With this approach, multiple pages are scraped concurrently, improving performance by utilizing the system’s multi-core capabilities. The thread count can be adjusted accordingly if you want to add more URLs or manage dynamic URLs.

For even more efficient scraping, libcurl’s multi-interface allows you to handle multiple connections in a non-blocking manner.
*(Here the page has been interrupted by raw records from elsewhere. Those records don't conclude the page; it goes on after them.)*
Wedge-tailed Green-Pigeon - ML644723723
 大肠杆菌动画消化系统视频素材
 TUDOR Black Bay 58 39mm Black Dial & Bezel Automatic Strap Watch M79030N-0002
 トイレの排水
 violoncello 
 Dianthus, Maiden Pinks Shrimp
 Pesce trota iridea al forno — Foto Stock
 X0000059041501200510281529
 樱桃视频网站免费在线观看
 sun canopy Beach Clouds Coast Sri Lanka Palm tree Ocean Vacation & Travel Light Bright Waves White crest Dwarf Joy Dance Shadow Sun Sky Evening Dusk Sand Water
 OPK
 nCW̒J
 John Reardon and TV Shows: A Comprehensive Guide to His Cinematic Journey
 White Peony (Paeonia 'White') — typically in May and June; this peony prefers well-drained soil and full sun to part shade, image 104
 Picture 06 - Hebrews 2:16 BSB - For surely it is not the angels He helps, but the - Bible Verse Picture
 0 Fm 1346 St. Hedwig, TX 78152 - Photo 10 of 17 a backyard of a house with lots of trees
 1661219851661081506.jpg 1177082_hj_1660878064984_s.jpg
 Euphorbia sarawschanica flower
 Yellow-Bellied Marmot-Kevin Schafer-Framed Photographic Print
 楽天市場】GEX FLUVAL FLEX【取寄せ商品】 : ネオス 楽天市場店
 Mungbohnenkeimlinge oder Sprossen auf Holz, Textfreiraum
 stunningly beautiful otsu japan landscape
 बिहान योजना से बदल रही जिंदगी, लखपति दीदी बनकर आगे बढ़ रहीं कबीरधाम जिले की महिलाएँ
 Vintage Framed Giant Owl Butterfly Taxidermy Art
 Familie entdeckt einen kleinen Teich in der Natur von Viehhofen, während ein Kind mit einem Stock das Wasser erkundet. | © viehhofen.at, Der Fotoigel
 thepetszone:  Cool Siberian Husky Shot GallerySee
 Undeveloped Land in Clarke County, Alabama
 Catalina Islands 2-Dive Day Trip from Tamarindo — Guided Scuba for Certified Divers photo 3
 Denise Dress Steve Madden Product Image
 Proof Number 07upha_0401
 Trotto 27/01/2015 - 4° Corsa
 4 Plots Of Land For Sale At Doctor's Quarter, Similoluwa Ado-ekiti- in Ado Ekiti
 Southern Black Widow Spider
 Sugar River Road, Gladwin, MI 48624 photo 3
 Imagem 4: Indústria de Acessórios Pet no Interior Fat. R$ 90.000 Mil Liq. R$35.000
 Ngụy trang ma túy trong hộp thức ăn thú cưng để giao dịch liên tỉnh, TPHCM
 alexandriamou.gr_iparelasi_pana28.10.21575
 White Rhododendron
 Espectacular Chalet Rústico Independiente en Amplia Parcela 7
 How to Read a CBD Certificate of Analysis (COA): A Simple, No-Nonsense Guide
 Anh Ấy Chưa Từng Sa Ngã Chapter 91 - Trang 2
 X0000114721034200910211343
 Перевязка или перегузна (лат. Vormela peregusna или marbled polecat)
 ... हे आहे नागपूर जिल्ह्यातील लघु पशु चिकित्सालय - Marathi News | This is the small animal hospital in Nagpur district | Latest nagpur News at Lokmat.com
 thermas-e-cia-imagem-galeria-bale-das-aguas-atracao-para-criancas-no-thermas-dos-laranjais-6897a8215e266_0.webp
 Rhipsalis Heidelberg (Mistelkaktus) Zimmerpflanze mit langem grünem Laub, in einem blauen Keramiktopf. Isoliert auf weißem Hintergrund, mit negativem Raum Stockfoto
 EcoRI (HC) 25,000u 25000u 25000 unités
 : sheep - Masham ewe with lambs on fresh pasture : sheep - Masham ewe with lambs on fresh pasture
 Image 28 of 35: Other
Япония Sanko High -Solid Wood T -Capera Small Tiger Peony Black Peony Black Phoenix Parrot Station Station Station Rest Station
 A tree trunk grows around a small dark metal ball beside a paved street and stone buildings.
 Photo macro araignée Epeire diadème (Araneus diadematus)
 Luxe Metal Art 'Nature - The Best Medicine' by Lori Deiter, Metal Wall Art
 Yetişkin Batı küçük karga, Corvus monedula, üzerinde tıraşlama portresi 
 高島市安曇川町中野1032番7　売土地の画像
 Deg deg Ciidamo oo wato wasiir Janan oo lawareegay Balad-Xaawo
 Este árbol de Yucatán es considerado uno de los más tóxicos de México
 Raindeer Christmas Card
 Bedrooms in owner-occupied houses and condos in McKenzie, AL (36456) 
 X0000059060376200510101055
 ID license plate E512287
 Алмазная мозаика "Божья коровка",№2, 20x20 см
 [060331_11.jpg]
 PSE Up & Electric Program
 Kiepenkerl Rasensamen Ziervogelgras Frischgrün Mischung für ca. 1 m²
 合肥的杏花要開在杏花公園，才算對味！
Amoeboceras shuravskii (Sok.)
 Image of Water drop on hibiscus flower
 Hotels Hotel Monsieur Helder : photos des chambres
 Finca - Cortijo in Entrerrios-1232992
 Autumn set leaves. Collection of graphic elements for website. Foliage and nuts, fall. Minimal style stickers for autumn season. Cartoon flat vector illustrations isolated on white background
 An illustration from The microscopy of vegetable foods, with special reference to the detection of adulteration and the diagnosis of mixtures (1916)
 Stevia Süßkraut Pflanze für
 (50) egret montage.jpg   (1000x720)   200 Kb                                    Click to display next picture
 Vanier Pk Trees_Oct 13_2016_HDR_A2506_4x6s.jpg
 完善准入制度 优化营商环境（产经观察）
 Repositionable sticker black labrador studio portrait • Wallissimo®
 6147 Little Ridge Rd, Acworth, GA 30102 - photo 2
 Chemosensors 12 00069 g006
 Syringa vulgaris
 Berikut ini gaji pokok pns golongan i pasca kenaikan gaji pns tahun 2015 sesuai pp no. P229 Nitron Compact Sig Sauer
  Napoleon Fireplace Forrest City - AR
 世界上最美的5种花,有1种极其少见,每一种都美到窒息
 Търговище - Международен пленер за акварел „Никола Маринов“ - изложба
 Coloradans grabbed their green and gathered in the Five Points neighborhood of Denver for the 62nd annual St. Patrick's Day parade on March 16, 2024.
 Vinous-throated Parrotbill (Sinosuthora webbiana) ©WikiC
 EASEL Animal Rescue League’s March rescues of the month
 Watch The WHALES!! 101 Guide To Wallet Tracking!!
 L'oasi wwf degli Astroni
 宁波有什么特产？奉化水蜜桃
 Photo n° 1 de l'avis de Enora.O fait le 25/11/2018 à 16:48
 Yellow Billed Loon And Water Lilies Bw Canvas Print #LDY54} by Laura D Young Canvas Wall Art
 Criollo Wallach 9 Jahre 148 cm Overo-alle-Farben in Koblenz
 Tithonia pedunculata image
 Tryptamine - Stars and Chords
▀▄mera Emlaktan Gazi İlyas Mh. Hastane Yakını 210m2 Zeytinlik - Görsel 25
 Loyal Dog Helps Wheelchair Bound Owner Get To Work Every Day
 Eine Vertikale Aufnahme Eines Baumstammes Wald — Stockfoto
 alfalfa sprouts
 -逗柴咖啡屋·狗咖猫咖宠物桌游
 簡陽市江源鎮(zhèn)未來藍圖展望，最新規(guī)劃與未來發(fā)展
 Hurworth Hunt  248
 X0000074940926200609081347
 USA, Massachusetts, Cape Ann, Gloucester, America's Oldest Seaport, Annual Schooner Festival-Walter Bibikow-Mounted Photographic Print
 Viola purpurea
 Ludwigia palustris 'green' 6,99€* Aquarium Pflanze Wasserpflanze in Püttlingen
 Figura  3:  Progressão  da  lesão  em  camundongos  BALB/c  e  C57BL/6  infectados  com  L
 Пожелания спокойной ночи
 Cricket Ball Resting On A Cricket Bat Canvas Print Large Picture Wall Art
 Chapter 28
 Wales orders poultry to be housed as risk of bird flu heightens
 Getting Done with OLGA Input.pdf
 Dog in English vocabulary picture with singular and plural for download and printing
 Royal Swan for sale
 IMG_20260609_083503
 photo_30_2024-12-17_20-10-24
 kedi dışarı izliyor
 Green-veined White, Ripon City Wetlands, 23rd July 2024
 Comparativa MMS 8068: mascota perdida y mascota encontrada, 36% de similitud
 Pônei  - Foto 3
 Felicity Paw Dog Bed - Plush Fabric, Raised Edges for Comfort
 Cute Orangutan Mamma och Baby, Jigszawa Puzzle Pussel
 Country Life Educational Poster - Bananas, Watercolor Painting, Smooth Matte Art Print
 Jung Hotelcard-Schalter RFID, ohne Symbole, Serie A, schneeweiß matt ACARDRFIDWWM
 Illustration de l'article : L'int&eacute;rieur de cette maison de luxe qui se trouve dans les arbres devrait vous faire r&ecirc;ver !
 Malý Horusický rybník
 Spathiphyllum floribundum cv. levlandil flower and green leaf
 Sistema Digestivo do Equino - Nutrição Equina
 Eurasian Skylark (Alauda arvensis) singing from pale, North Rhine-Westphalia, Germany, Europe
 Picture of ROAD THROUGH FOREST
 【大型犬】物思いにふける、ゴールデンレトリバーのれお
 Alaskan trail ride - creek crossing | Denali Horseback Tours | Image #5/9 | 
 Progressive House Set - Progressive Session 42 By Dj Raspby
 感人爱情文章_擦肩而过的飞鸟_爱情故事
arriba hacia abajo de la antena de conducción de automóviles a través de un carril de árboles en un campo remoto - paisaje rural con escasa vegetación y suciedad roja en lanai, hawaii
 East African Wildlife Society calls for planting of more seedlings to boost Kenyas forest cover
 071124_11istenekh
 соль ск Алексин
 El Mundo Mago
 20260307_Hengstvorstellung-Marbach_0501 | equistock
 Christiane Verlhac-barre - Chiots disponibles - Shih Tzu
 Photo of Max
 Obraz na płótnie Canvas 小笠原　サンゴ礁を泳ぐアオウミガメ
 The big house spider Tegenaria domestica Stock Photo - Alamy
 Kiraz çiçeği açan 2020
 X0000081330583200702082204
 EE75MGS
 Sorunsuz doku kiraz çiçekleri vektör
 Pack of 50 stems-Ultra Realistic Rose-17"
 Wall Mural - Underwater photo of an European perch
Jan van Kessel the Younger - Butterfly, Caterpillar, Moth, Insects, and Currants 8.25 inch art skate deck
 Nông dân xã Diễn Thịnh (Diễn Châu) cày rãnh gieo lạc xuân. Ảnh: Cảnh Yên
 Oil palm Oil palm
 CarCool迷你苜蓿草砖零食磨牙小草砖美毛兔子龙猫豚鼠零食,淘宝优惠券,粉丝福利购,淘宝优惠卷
Instead of creating separate threads for each request, you can batch multiple requests into a single event-driven loop, allowing libcurl to manage multiple requests simultaneously within the same thread.

#include <stdio.h>
#include <stdlib.h>
#include <curl/curl.h>

// Callback function to handle response data
size_t write_callback(void *ptr, size_t size, size_t nmemb, void *userdata) {
// Write the response data into the provided buffer
size_t total_size = size * nmemb;
char *response = (char *) userdata;
strncat(response, (char *) ptr, total_size);
return total_size;
}

int main(void) {
CURL *handles[5]; // Array of CURL easy handles
CURLM *multi_handle; // Multi-handle for managing concurrent requests
int still_running; // Number of active transfers
CURLMsg *msg;
int msgs_left;

const char *urls[5] = {
"https://example.com/page1",
"https://example.com/page2",
"https://example.com/page3",
"https://example.com/page4",
"https://example.com/page5"
};

char responses[5][1024] = {0}; // Array to store responses

curl_global_init(CURL_GLOBAL_DEFAULT); // Initialize libcurl globally

// Initialize multi-handle
multi_handle = curl_multi_init();

// Initialize individual easy handles and add them to the multi-handle
for (int i = 0; i < 5; i++) {
handles[i] = curl_easy_init();
if (handles[i]) {
curl_easy_setopt(handles[i], CURLOPT_URL, urls[i]);
curl_easy_setopt(handles[i], CURLOPT_WRITEFUNCTION, write_callback); // Set callback for writing data
curl_easy_setopt(handles[i], CURLOPT_WRITEDATA, responses[i]); // Pass the buffer to store response
curl_easy_setopt(handles[i], CURLOPT_TIMEOUT, 10L); // Set timeout for the request
curl_easy_setopt(handles[i], CURLOPT_CONNECTTIMEOUT, 5L); // Set connection timeout
curl_multi_add_handle(multi_handle, handles[i]); // Add the easy handle to the multi handle
} else {
fprintf(stderr, "Failed to initialize handle for %s\n", urls[i]);
}
}

// Perform the requests in a non-blocking manner
curl_multi_perform(multi_handle, &still_running);

// Wait for all transfers to finish
do {
int numfds;
CURLMcode mc = curl_multi_wait(multi_handle, NULL, 0, 1000, &numfds); // Wait for activity on the multi handle

if (mc != CURLM_OK) {
fprintf(stderr, "curl_multi_wait() failed: %s\n", curl_multi_strerror(mc));
break; // Exit the loop if waiting fails
}

curl_multi_perform(multi_handle, &still_running); // Continue performing the requests
} while (still_running);

// Check the results of each request
while ((msg = curl_multi_info_read(multi_handle, &msgs_left))) {
if (msg->msg == CURLMSG_DONE) {
int idx = -1;
for (int i = 0; i < 5; i++) {
if (msg->easy_handle == handles[i]) {
idx = i;
break;
}
}

if (msg->data.result == CURLE_OK) {
printf("Successfully scraped: %s\nResponse: %s\n", urls[idx], responses[idx]);
} else {
printf("Error scraping %s: %s\n", urls[idx], curl_easy_strerror(msg->data.result));
}
}
}

// Cleanup
for (int i = 0; i < 5; i++) {
if (handles[i]) {
curl_multi_remove_handle(multi_handle, handles[i]); // Remove from multi handle
curl_easy_cleanup(handles[i]); // Cleanup each easy handle
}
}

curl_multi_cleanup(multi_handle); // Cleanup the multi handle
curl_global_cleanup(); // Cleanup global libcurl

return 0;
}

This approach allows you to manage multiple requests in a single thread, making it ideal for batch-processing many URLs without creating separate threads for each request. It is efficient and reduces CPU overhead.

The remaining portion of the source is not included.